Powell was the first Black secretary of state, but his legacy was tarnished in 2003 when he justified the war on Iraq.
Colin Powell, the former United States secretary of state and the first Black person in the country’s history to fill the position, has died due to complications from COVID-19, his family has said.
Powell, a four-star general who last held public office in 2005, died on Monday, the family said in a statement on Facebook. He was 84.
“He was fully vaccinated. We want to thank the medical staff at Walter Reed National Medical Center for their caring treatment. We have lost a remarkable and loving husband, father, grandfather and a great American,” the Powell family said.
Known as a moderate and pragmatist, Powell was instrumental in shaping the foreign policy of Republican presidential administrations for decades.

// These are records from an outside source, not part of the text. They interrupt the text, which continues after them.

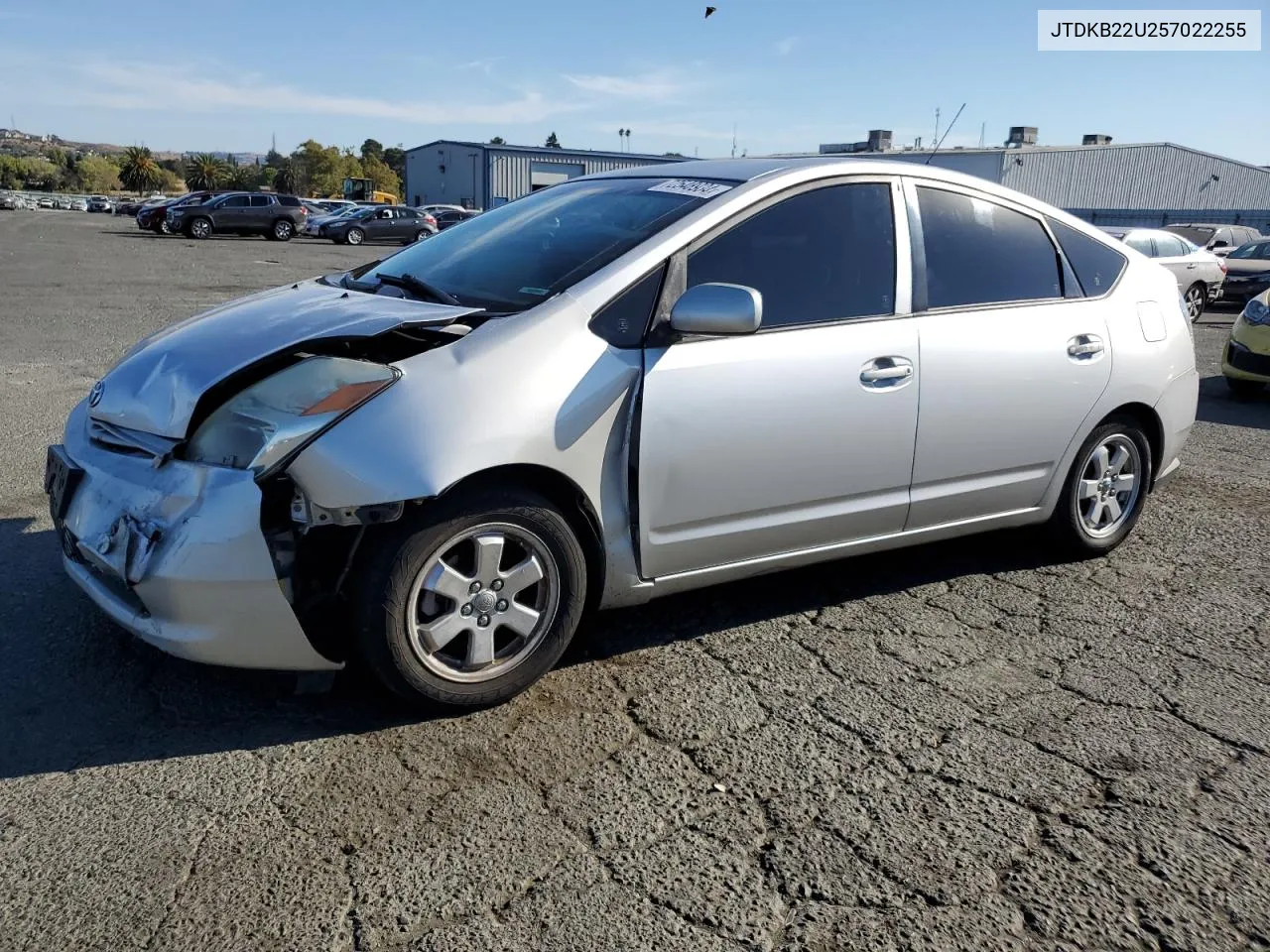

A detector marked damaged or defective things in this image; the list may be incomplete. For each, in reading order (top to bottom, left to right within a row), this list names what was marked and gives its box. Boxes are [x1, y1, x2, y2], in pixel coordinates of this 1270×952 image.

damaged front bumper [49, 398, 340, 674]
broken bumper fragment [52, 401, 340, 669]
crumpled hood [86, 275, 477, 438]
exposed headlight housing [185, 355, 396, 477]
cracked asphalt pavement [2, 214, 1270, 952]
exposed headlight housing [1239, 299, 1270, 327] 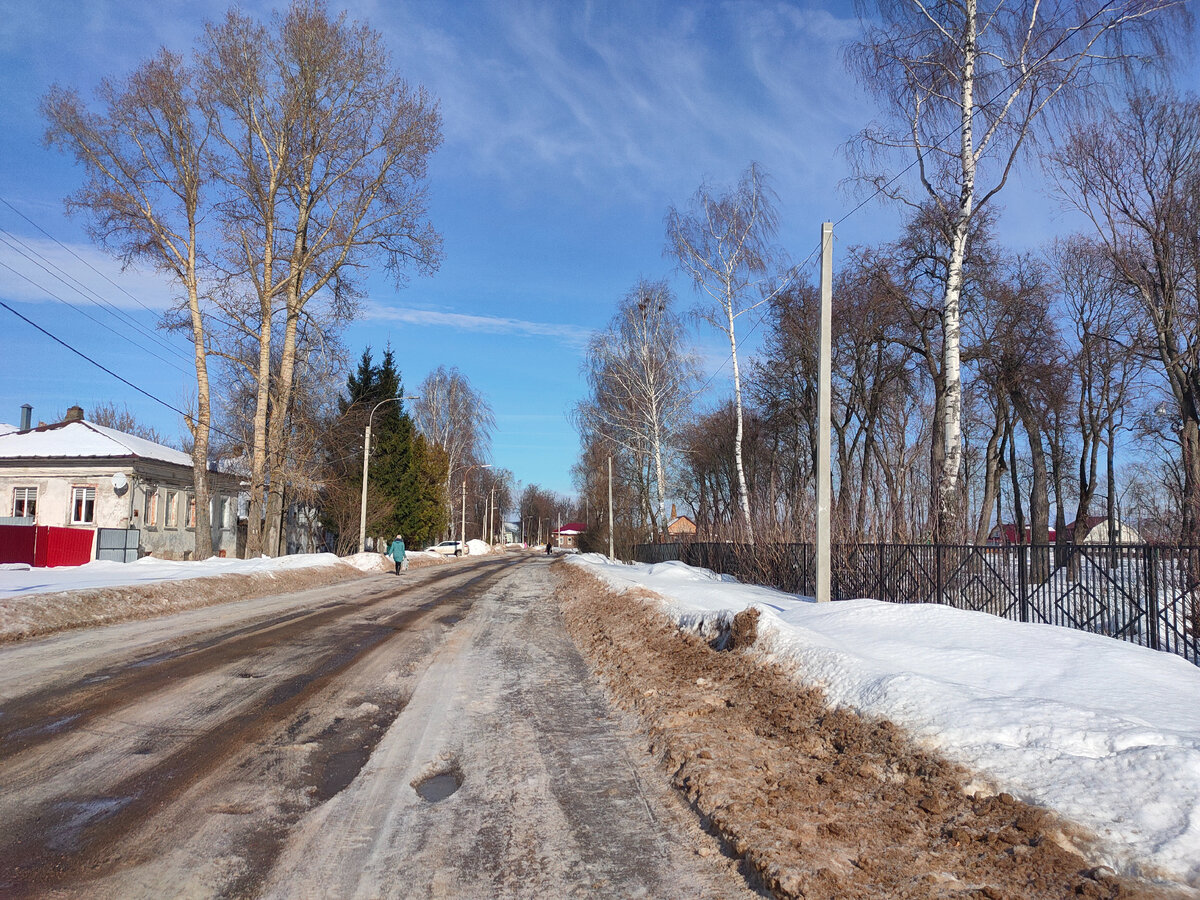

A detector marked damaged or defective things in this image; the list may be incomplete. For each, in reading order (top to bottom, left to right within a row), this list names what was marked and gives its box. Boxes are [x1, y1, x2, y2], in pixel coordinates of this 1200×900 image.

pothole [418, 768, 464, 800] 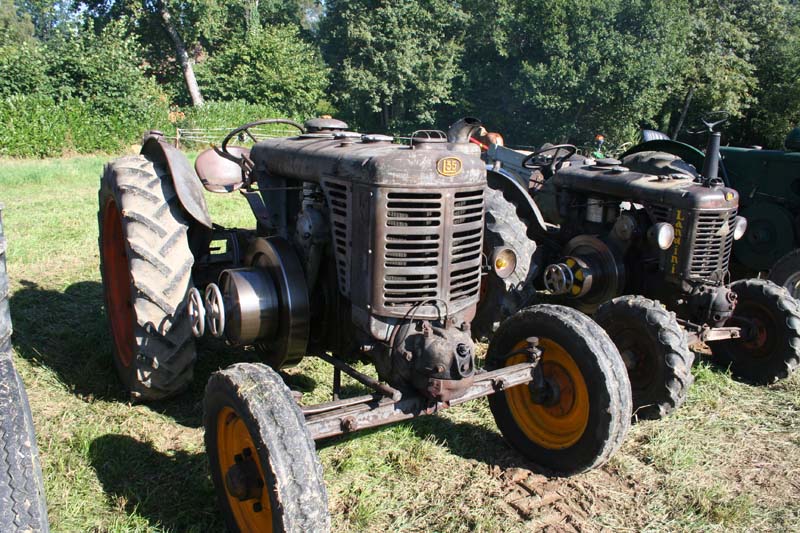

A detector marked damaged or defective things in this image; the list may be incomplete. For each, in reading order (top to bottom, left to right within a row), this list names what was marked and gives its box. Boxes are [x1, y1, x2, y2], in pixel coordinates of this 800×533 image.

rusty red tractor [100, 118, 636, 528]
rusty metal surface [304, 362, 536, 440] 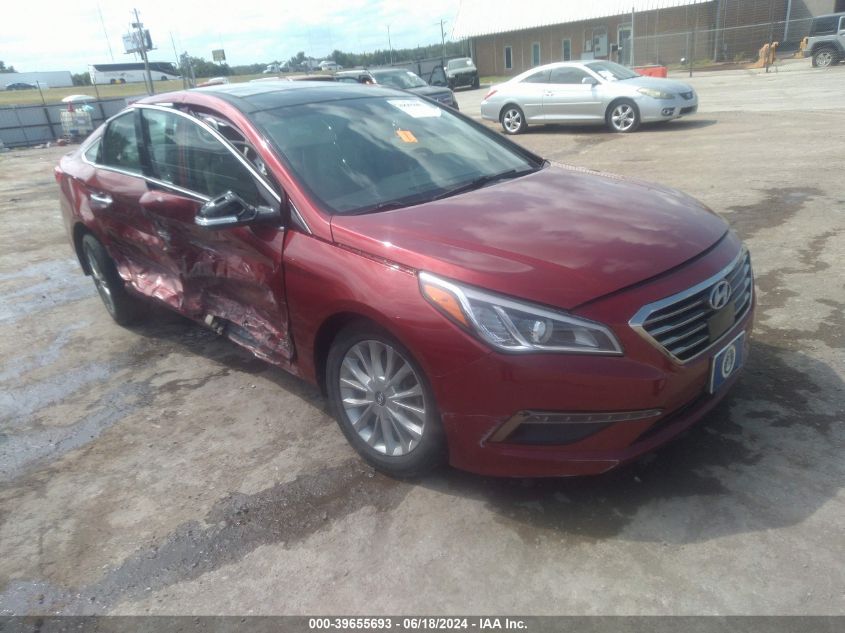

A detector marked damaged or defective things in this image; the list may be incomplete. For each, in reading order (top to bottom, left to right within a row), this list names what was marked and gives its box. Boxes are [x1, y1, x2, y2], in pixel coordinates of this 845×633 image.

damaged red hyundai sonata [56, 81, 752, 476] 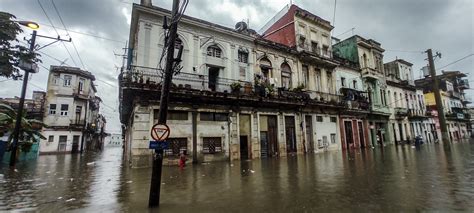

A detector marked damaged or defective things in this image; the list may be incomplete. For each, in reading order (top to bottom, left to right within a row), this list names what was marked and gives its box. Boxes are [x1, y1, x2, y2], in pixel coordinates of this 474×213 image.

broken window [164, 138, 188, 156]
broken window [203, 137, 223, 154] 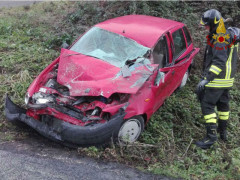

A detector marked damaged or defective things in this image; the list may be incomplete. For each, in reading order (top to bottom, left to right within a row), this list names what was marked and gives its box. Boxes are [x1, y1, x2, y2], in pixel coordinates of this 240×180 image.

crashed red car [6, 14, 201, 146]
crumpled car hood [56, 48, 158, 97]
damaged front bumper [5, 95, 125, 147] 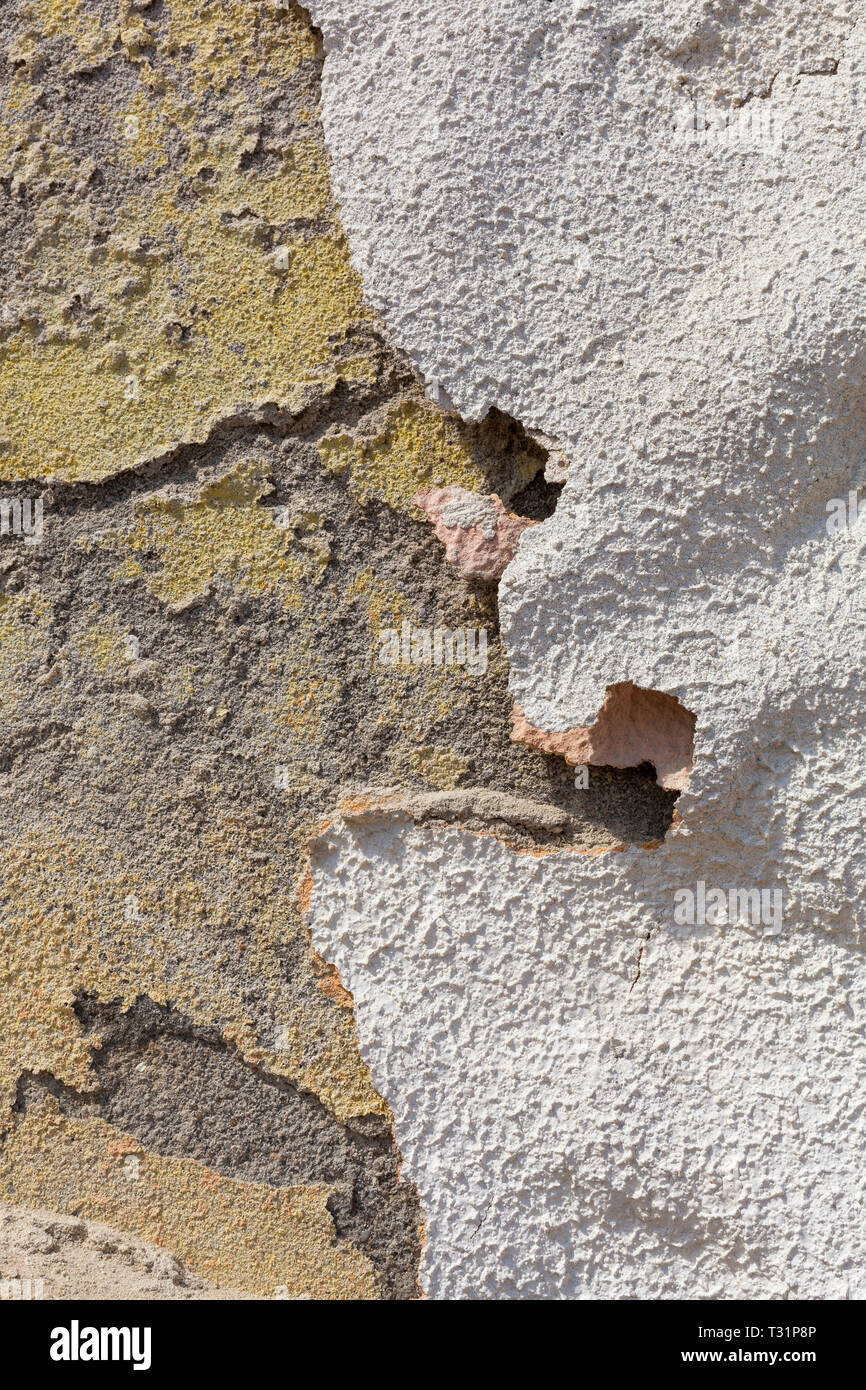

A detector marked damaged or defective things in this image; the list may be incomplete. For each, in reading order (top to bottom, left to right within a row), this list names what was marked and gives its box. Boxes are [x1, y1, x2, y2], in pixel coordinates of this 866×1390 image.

peeling white plaster [308, 0, 864, 1296]
peeling white plaster [308, 816, 864, 1304] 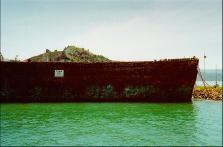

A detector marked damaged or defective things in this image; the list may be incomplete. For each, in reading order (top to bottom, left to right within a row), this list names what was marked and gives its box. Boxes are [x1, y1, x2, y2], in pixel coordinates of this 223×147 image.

rusty ship hull [0, 57, 199, 102]
corroded metal [0, 57, 199, 102]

He was in top posts during the fall of the Berlin Wall, the 1989 US invasion of Panama, the 1991 Gulf War, the September 11 attacks, and the resulting US invasions of Afghanistan in 2001 and Iraq in 2003.
He served as national security adviser to former President Ronald Reagan from 1987 to 1989 and was the first Black chairman of the Joint Chiefs of Staff under former Republican President George HW Bush and former President Bill Clinton, a Democrat, from 1989 to 1993.
When he was confirmed as former President George W Bush’s secretary of state in 2001, he became the first Black person in US history to fill that role.
At the time, he also became the highest-ranking Black official in US history, later equalled by former Secretary of State Condoleeza Rice and surpassed by former President Barack Obama.
Iraq war controversy
While initially opposing the military operation, Powell has been accused of misleading the public in the lead up to the US invasion of Iraq in 2003 as the Bush administration sought to build international support.
In a controversial presentation on February 5, 2003, to the United Nations Security Council, Powell made the administration’s case that Iraqi President Saddam Hussein constituted an imminent danger to the world because of Iraq’s stockpiles of chemical and biological weapons.
Powell admitted later that the presentation was rife with inaccuracies and twisted intelligence provided by others in the Bush administration, telling Al Jazeera it represented “a blot” that will “always be a part of my record”.
In a statement on Monday, former President Bush called Powell a “great public servant”, adding that he was “such a favorite of Presidents that he earned the Presidential Medal of Freedom, twice”.
Powell, a Republican, had previously considered a bid to become the first Black president in 1996, but his wife Alma’s worries about his safety were among the reasons he ultimately decided not to run.
In 2008, he broke with his party to endorse then-candidate Obama, a Democrat.
Powell served two tours in Vietnam in the 1960s, first as an adviser to the South Vietnamese army and later as an operations chief with a US infantry division.
On his first tour, Powell witnessed almost daily ambushes by the Viet Cong and wrote in his autobiography he had become disillusioned by the Army’s “flabby thinking” and “nonsense” claims the US was winning.
The Vietnam experience guided Powell’s articulation decades later of “the Powell doctrine”, which posed that, once a decision is made to go to war, a nation should not engage in “limited war”, but instead deploy maximum force.
Powell’s approach was later replaced under Secretary of Defense Donald Rumsfeld with the “light footprint” approach that guided US deployments in Afghanistan and the second Iraq war.
Powell was the son of Jamaican immigrants and grew up in the South Bronx neighbourhood of New York City. He attended City College of New York and earned an officer’s commission through the Reserve Officer Training Corps (ROTC) in 1958.